Wednesday, August 19, 2015

Margot Goes to Kindergarten

Little Margot sat primly at the table.  The pink bow tied her long honey-colored ponytail, the perfect accent to the pink-on-white polka dot pinafore she wore.  Margot's hands were folded atop the table and she listened intently as Miss Roz was giving first-day instructions to the new kindergarten class.  It was a bright, hot August day outside, but the whir of the air conditioning fans overhead promised comfort in the classroom.

The table accommodated five scrubbed and enthusiastic, or frightened, or subdued children and Curtis.  Miss Roz knew within moments of the day's opening exercises that Curtis would be a handful.  What she had yet to learn was that Tina, seated next to Margot and across from Curtis would,  over time, make Curtis appear to be angelic, in a manner of speaking.

Curtis was jumping in and out of his chair grabbing pencils and books that did not belong to him.  Miss Roz, not yet frazzled,  was making a valiant effort to corral the tyke.

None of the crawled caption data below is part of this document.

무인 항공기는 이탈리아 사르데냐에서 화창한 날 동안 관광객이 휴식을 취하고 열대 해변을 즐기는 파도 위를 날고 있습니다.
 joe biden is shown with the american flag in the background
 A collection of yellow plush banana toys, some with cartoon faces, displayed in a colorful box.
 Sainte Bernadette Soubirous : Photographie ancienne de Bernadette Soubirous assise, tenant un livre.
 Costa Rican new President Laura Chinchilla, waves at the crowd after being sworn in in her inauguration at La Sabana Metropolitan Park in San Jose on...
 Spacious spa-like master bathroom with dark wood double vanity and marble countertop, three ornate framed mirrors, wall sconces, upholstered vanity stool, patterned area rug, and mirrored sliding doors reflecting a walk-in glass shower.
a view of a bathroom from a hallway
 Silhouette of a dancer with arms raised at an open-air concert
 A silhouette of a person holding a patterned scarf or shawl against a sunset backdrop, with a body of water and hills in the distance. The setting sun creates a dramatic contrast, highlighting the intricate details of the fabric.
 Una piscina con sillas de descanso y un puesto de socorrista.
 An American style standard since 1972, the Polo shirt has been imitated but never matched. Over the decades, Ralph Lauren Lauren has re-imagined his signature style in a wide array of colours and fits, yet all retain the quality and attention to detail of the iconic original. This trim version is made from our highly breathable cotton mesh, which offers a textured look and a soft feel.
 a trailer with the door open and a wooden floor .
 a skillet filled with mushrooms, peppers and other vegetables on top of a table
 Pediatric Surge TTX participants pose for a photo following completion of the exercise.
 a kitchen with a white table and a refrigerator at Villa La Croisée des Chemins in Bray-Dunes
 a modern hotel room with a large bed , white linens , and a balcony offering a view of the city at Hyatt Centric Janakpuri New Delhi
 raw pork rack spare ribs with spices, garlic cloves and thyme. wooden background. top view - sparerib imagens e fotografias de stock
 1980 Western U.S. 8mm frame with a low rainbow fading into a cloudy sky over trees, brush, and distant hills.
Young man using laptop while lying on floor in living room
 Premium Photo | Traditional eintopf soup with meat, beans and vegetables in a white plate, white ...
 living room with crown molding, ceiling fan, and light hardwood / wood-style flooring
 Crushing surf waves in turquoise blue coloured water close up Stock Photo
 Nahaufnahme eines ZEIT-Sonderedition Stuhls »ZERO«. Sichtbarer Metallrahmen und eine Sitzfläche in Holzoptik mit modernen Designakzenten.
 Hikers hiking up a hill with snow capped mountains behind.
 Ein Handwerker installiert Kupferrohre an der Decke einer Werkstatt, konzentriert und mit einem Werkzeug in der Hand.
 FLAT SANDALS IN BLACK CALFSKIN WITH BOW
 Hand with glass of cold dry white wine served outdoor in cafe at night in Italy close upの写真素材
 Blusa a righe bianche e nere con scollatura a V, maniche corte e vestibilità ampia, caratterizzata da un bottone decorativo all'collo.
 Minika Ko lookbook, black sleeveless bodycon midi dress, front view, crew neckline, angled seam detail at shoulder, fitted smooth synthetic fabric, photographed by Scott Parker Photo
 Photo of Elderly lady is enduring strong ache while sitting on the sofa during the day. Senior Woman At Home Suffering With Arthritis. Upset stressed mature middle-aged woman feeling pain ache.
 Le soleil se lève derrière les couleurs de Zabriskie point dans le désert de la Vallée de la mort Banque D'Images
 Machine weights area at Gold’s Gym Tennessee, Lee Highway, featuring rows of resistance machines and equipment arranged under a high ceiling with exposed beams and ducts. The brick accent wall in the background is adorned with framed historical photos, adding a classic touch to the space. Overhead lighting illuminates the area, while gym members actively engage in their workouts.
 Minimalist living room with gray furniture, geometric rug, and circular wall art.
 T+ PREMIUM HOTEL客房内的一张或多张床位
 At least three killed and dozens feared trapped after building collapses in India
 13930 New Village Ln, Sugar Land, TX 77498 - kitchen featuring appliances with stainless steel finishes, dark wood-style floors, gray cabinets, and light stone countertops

Tina leaned toward Margot and said, "That is the ugliest dress I ever saw."  Margot, stunned, never said a word, but a tear formed in the corner of her left eye.  And Tina said, "Why don't you cut off that awful hair?  It looks like throw-up down your back."  The floodgates opened and Margot's cheeks were inundated with tears.  She turned toward Miss Roz, but Miss Roz had heard what was going on.  She, too sweetly Margot thought, chastised Tina and asked her to apologize.  Tina turned to Margot again and said, "I'm sorry you can't take a joke, you skinny stick.  Bet your mama starves you so she can eat it all herself, the fat pig."

Margot turned full in her seat, faced Tina, put her pointer finger within an inch of Tina's nose and said, in a clear voice, "You're just a little shit."

This is essentially a true story, especially the last line which is a completely accurate quote.  I have lived to see Margot elected to the local Board of Education. Names changed of course to mask the identities of the real-life participants in this little tableau.

Word of the day: pinafore
 © 2015 David W. Lacy


Vee said...

It's nice that it was Margot and not Tina who was elected to the school board, and I hope Little Miss M. learned more appropriate vocabulary to use when expressing her displeasure.

Jim Grey said...

An elder at my church is also on the IPS board. From what I can see, being able to quickly detect and call out the sh*ts is a pretty critical skill of that job.

vanilla said...

Vee, it is so much fun living in a little community where I can watch the tots I knew back when perform in their roles as movers and shakers in the community. Of course some of them are making a meth, I mean mess, of their lives.

Jim, a very useful and indispensable skill, indeed.

Secondary Roads said...

Mess with the dog long enough and you will be bitten.

Grace said...

Margot telling it like it is - Gotta love her.

vanilla said...

Chuck, that is one of life's abiding rules.

Grace, the child didn't so much have a mouth on her as she had discernment. And the ability to call it like it is.

Sharkbytes said...

Harper Valley PTA! Junior edition.

vanilla said...

Sharkey, just a little girl with a precociously developed b.s.detector. And probably parents whose banter should have been rated "R".